Take a look at any college or university website and you will find guides for basic essay writing that, more or less, focus on the same things — a tightly constructed introductory paragraph with an unambiguous thesis statement, several focused body paragraphs that present some sort of evidence that is coherently explained by the writer and a conclusion that revisits the essay’s main points. So why aren’t students able to write these kinds of traditional papers?
Where Does the Problem Begin?
Some say the reason is that students just don’t spend very much time writing in middle school and high school, and when they do, it’s either creative writing, journaling or short expressions of personal opinion. The Common Core education standards for ELA were developed, in large part, as a reaction to this, explicitly requiring students to write substantial, evidence-based expository and argumentative essays, not only in their english classes, but their history, science and math classes as well. While well-meaning and carefully-constructed, the problem with this new approach is not the standards themselves, but, rather, the fact that teachers don’t necessarily know how to teach them.
As Natalie Wexler of the Washington Post points out, “the authors of the Common Core focused just on the skills that students should have at each grade level, not on how to impart them. And few teachers have been trained to teach these writing skills, apparently because educators believe that students will just pick them up through reading. Obviously, most don’t.”
So, essentially, the writing standards are solid; they’re comprehensive and they are what university and business communities are asking for. What’s missing are the methodologies and the training to provide teachers with the tools to teach these standards. The teaching of essay writing is not explicitly covered in credential programs. Some teachers have figured it out on their own, but many have not.
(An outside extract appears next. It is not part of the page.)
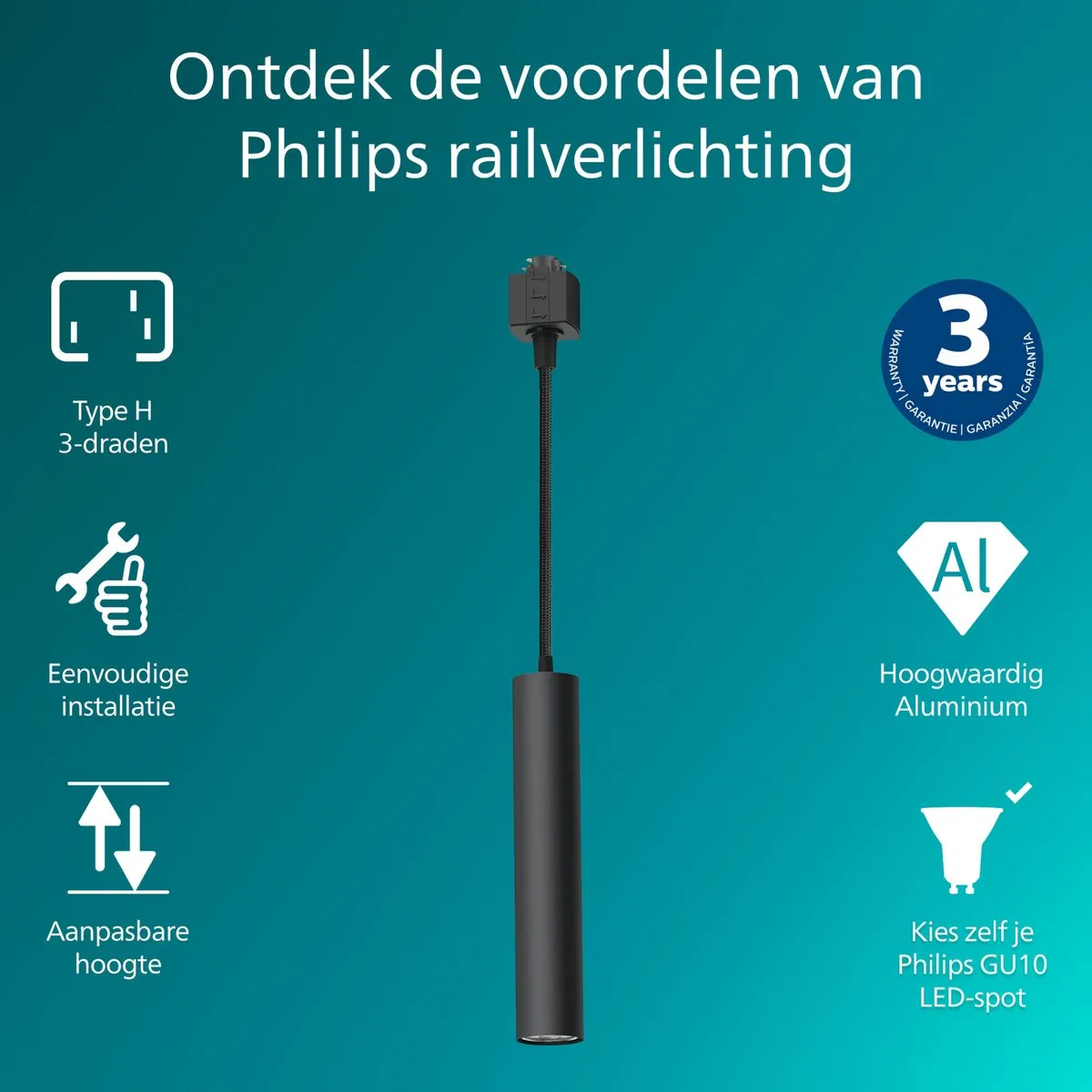 Philips LED EasyLink Paxie Hanglamp GU10 7W - Zwart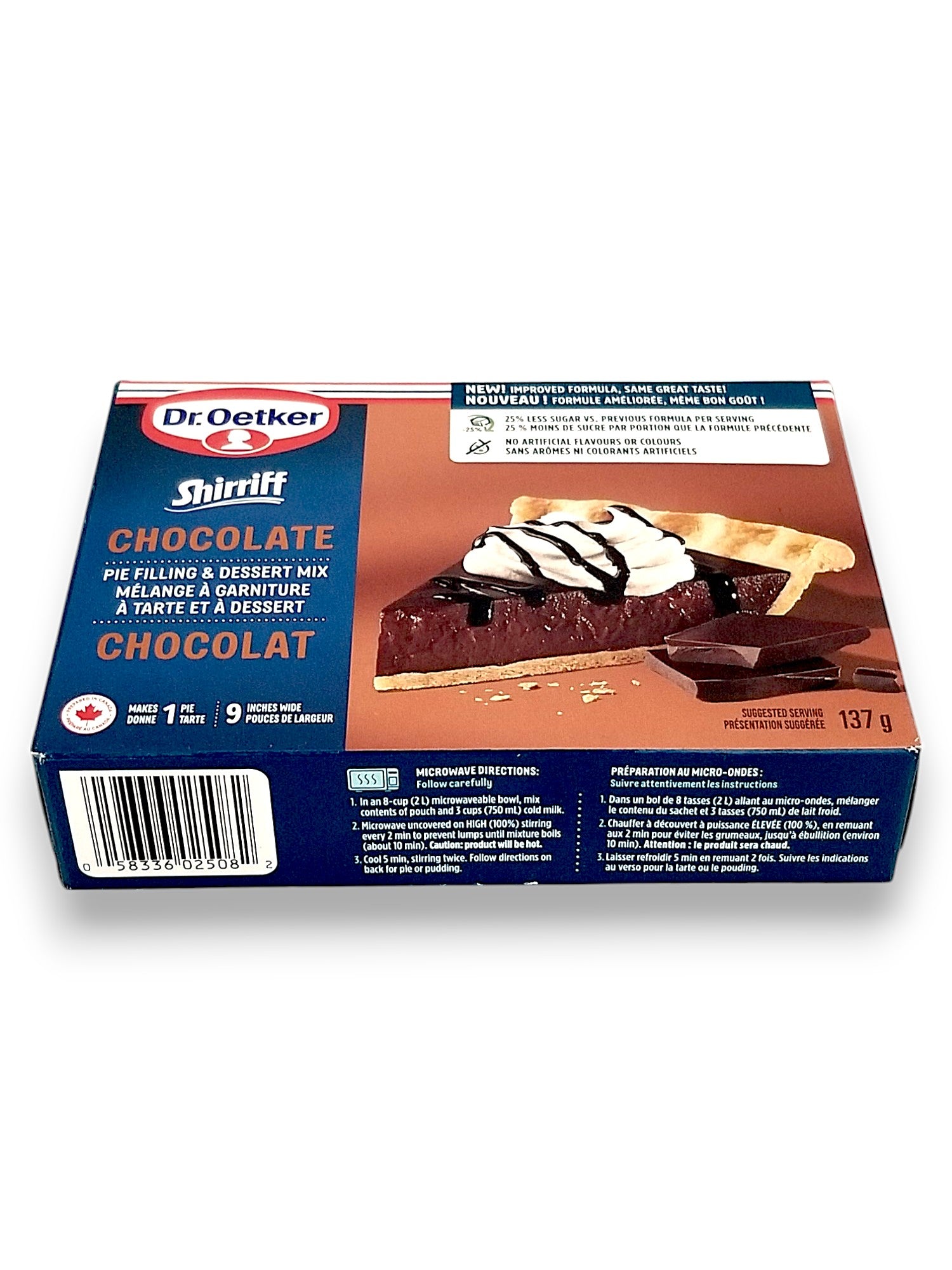 Dr. Oetker Shirriff Chocolate Pie Filling & Dessert Mix, 137g/5.6 oz. - Bottom Of Box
And herein lies the problem.
The challenge is that the essay writing process is very complex; it is not easy for the instructor to teach, nor is it simple for the learner to master. The textbook companies have given a nod to formal essay-writing instruction, but, really, they are more focused on reading development and standardized test preparation. Sure, they provide end-of-unit essay prompts that they expect teachers will be able to guide their students through. But if the teachers don’t have the training to create writing experiences that produce substantive papers, then the cycle of not being prepared to teach the skills and their students not learning how to write to the standards is perpetuated.
It is this reality that our blog hopes to address. We want to ask the hard questions about why students aren’t writing proficiently, and hopefully provide answers and solutions that teachers can use to propel and enhance their practices. This blog is a discussion. It is a support group and a resource center. We encourage your feedback, your comments and you’re own posts if you care to share a useful or interesting perspective.
It is hoped that through discussion and sharing and discovery, we can find an effective and unified approach to writing instruction that helps all students.